EXERCISE ::
The entire listing that follows must be repeated exactly, pictures excluded.

PROVIDED DATA ::

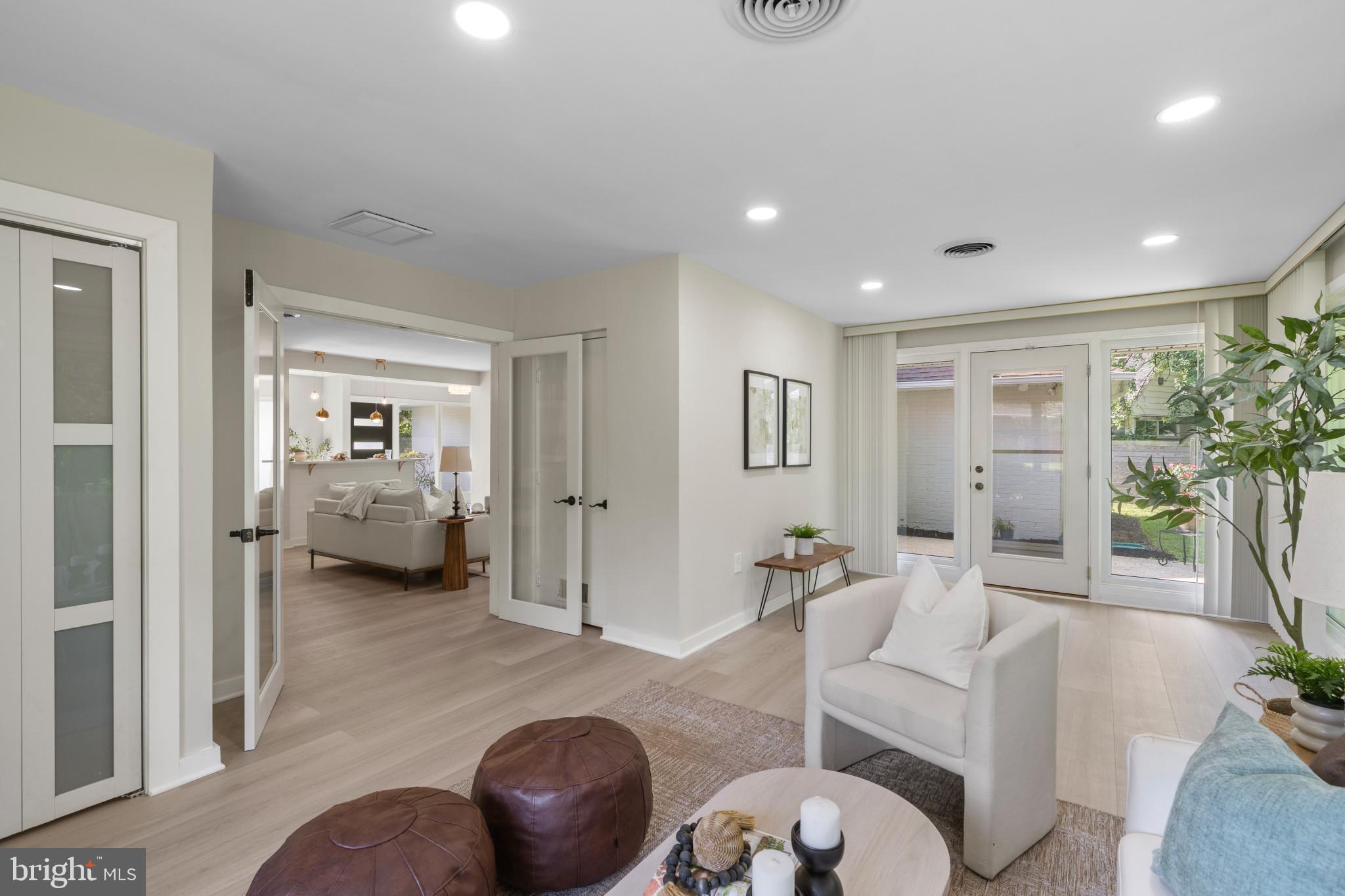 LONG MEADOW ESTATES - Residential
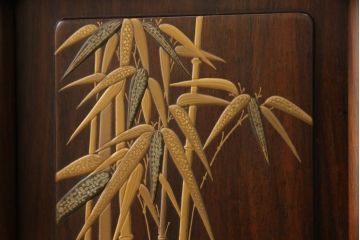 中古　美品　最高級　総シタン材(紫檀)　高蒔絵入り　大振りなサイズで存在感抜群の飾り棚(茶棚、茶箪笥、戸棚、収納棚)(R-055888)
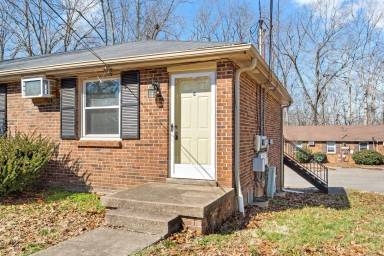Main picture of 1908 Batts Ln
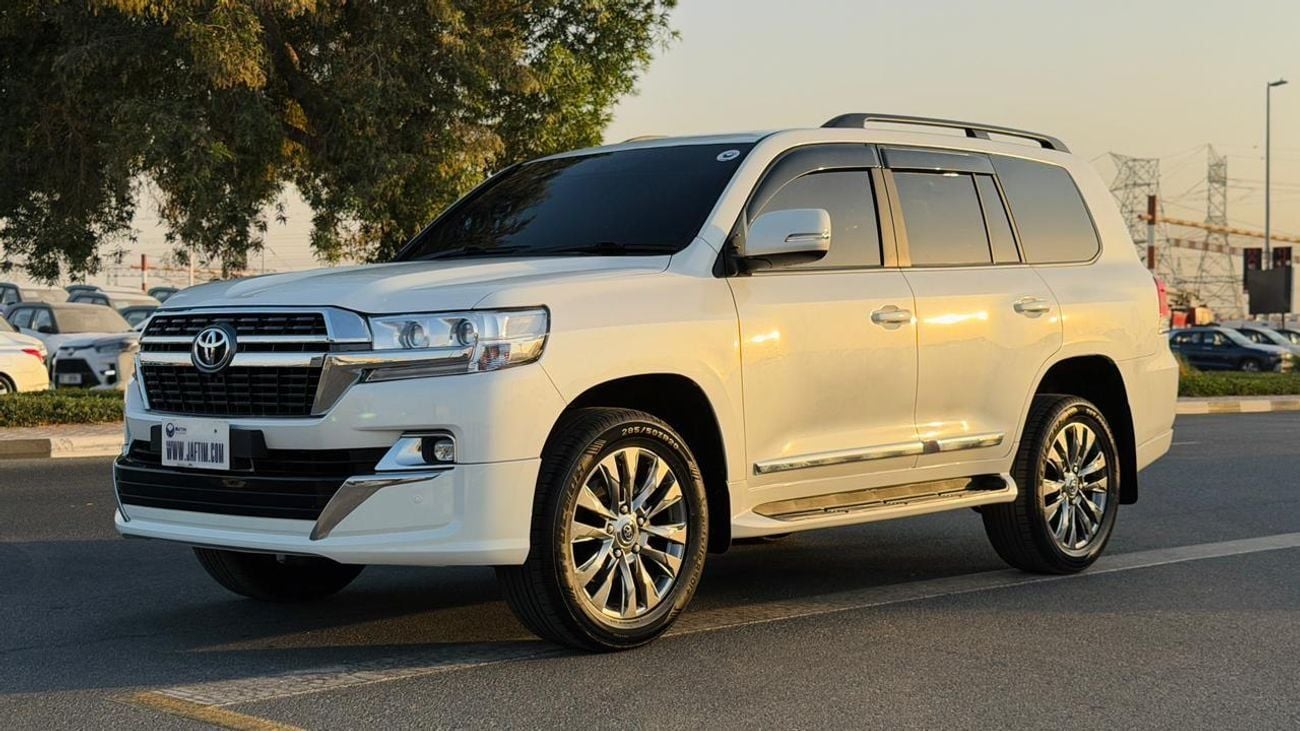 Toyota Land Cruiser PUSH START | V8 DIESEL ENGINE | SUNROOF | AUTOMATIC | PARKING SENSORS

YOUR SOLUTION ::
 LONG MEADOW ESTATES - Residential
 中古　美品　最高級　総シタン材(紫檀)　高蒔絵入り　大振りなサイズで存在感抜群の飾り棚(茶棚、茶箪笥、戸棚、収納棚)(R-055888)
Main picture of 1908 Batts Ln
 Toyota Land Cruiser PUSH START | V8 DIESEL ENGINE | SUNROOF | AUTOMATIC | PARKING SENSORS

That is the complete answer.